Se focarmos, no plano local até o ano de 1975, a ausência da crítica literária não sistematizada e por óbvia consequência não praticada é no mínimo pertinente a pretensão de Cirne. À exceção de Câmara Cascudo, que conseguiu pela primeira vez, no Rio Grande do Norte, em 1921, exercitar a crítica literária nos ensaios do seu livro Alma Patrícia, e afora situações menos específicas da crítica propriamente literária, registradas nas antologias e resenhas de revistas, observar-se longo intervalo sem sistematizações ou publicações de obras do gênero. Seriam aproximadamente, quarenta anos de lacuna crítico-teórica sobre a produção local, observada pelo próprio Moacy Cirne ao relatar as origens do movimento por ele liderado no Rio Grande do Norte: “Até quase 1960 o romantismo, vivencial e existencial, impregnava a nossa vida literária.

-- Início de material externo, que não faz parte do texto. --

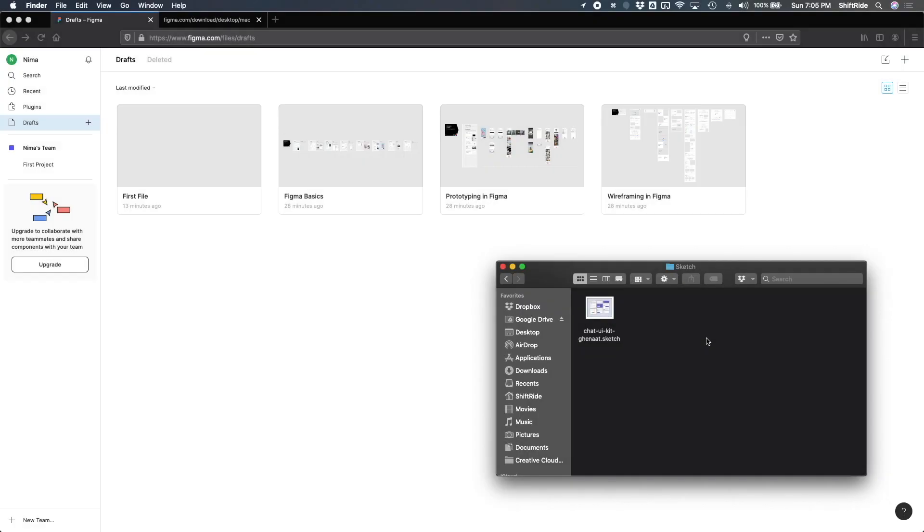Figma makes it really easy for you to import files from Sketch. This is super useful in case you've already started a project with Sketch that you want to move over to Figma.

Em 1966 deu-se a ruptura. Insatisfeitos com o verso, com o provincianismo e o compadrismo dos elogios mútuos, com as angústias curtidas nos bares, alguns jovens poetas e mais Nei Leandro de Castro, resolveram estudar a fundo a teoria e a prática da Poesia Concreta. Estava preparado o campo para um salto qualitativo de maior envergadura: esse salto se verificou em dezembro de 1967, quando o Poema-Processo seria lançado ao mesmo tempo em Natal e no Rio de Janeiro.”

Nesse sentido, é preciso dizer que Cirne estava, juntamente com seus companheiros de articulação, estudando a literatura local na perspectiva sincro-diacrônica, visando o sistema literário brasileiro como define Antonio Candido, se reportando a literatura empenhada! Mas, às margens do subjetivismo reinante na província e do respectivo desaparelhamento teórico, estava tentando, em bases nutridas nas ciências de linguagens, lançar luzes sobre a produção poemática referida. Subjacente às teorizações de bases fundantes do movimento parado taticamente em 1972, estava a preocupação qualitativa em analisar a literariedade da produção potiguar.

Assim, mesmo passível de provocar polêmicas e questionamentos, a incursão de Cirne remete a ponto importante: a produção crítica no plano local e pode-se dizer pós-cascudiana. A sua colaboração acontece, sobretudo, no ato de selecionar poesias e poemas inaugurais. Procura na leitura sincrônica – conceituação linguística de Roman Jakobson – da poética local a possibilidade, por qualificação, de inserção na história da literatura brasileira e internacional. Faz-se necessário ressaltar, neste último caso, a participação de alguns integrantes do Poema-Processo do Rio Grande do Norte em exposições e publicações estrangeiras como a revista portuguesa Hydra, ligada ao poeta e ensaísta de vanguarda Ernesto Manuel de Mello e Castro. Ali pode-se encontrar o poema-design Decomposição do Nu, de Nei Leandro de Castro. O autor de OLHO, Anchieta Fernandes, participaria em Buenos Aires de uma mostra de poesia visual, para ficarmos restritos só nesses dois exemplos.

Nesse momento o acervo de Moacy Cirne sob os cuidados da família está sendo catalogado por sua filha Isadora, biblioteconomista, no Rio de Janeiro. Creio que haverá de ter muito à revelar na representação dos estimados dois mil livros, de prováveis anotações, objetos, etc.  Sei que muitas correspondências importantes foram extraviadas pois me confessou de certa feita sua despretensiosa prática arquivística. Não era organizado para tanto, dizia.  Drummond, Ledo Ivo, Haroldo de Campos escreveram em algum momento para o autor de Cinema Pax. Quem sabe se não aparecerá manuscritos sobre literatura potiguar ensejada pelo pensamento lúcido e embasado na radicalidade cirneana?